Espi Sanjana, SFAI’s Chief Operating Officer

 

TO:

The SFAI community

 

On Friday, 17 April, leaflets created by the Student Action Group were found to be distributed in SFAI mailboxes and across the SFAI campus. The leaflets purport to contain information about senior staff and faculty compensation as well as about the more general financial situation at SFAI. The information in the leaflets is either inaccurate or, where accurate, misleading because incomplete. We are writing to clarify the facts.

 

 

Faculty Compensation

Beginning four years ago, the Office of the President initiated a standard promotion and ranking system with tenure at SFAI. Since this system’s inauguration, thirty-eight (38) faculty members formerly ranked as “residents” have been granted tenure. According to information provided by the Association of Independent Colleges of Art and Design (AICAD), SFAI’s implementation of such a tenure system has placed it in the same category as only three other art schools in the nation: the School of the Art Institute of Chicago, RISD, and CCA. The other twenty-two art schools in the US do not currently offer tenure. Further, SFAI faculty compensation is competitive with that of other AICAD colleges. In fact, the average faculty compensation at SFAI is 11% higher than that of the colleges within the second quartile. SFAI ranks in the middle of the second quartile in number of full-time-equivalent (FTE) students.

 

The implementation of a tenure system and competitive compensation are only part of SFAI’s ongoing investment in its faculty. Other benefits include the following:

  • Teaching Load. While the collective bargaining agreement states an institutional obligation to guarantee an entire group of faculty only three (3) classes, SFAI has chosen instead to support faculty by scheduling them at six (6) classes wherever possible. Most tenured faculty at SFAI are teaching the full time load of six (6) courses a year, even those who have been guaranteed only half a load. Although visiting faculty could be hired at a lower cost, SFAI has tried to utilize tenured faculty wherever possible.

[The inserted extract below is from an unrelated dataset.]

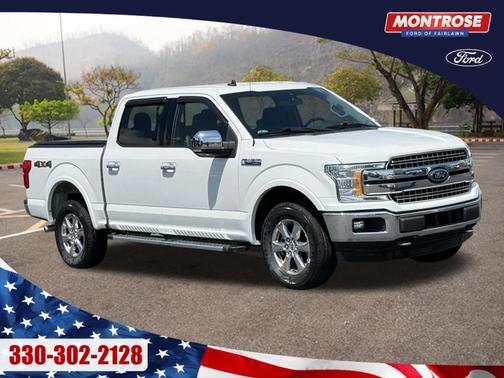 Oxford White 2019 Ford F-150 Lariat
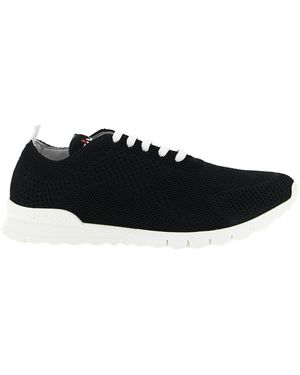 Kiton 'running' Trainers - Black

If tenured or tenure-track faculty members are not teaching a full load, it is generally because they have chosen not to do so.
  • Administrative Work. SFAI supports, in some cases with additional compensation, those faculty who are performing key administrative work such as chairing a department or leading a curricular initiative with course release.
  • Step Increases. One third (1/3) of the full-time faculty are eligible for step review annually (i.e., eligible for both advancement through the step system and corresponding increases in compensation). Since 2004, SFAI has granted 100% of faculty eligible for step advancement a corresponding increase in compensation. The annual overall increase total runs from $50,000 to $60,000.
  • Faculty Development Grant Fund. SFAI has budgeted for and awarded faculty research money on an annual basis. In fall 2006, the amount was raised from $20,000 to $25,000 per year. These funds are designated to assist faculty in the ongoing development of their art practice, research, and scholarship.
  • Sabbaticals. SFAI provides up to twelve (12) sabbatical contact units for eligible faculty each year. When a faculty member has accrued at least twenty-four (24) credit units (every four [4] years), he or she is eligible to apply for a three-contract-unit sabbatical for one (1) semester. Faculty who have accrued at least thirty-six (36) credit units (every six [6] years) are eligible to apply for a four-contract-unit sabbatical for one year. SFAI has supported on average $130,000 per year for faculty sabbaticals. In view of the effects of the global financial crisis, SFAI was forced to suspend sabbaticals for the next 2 years.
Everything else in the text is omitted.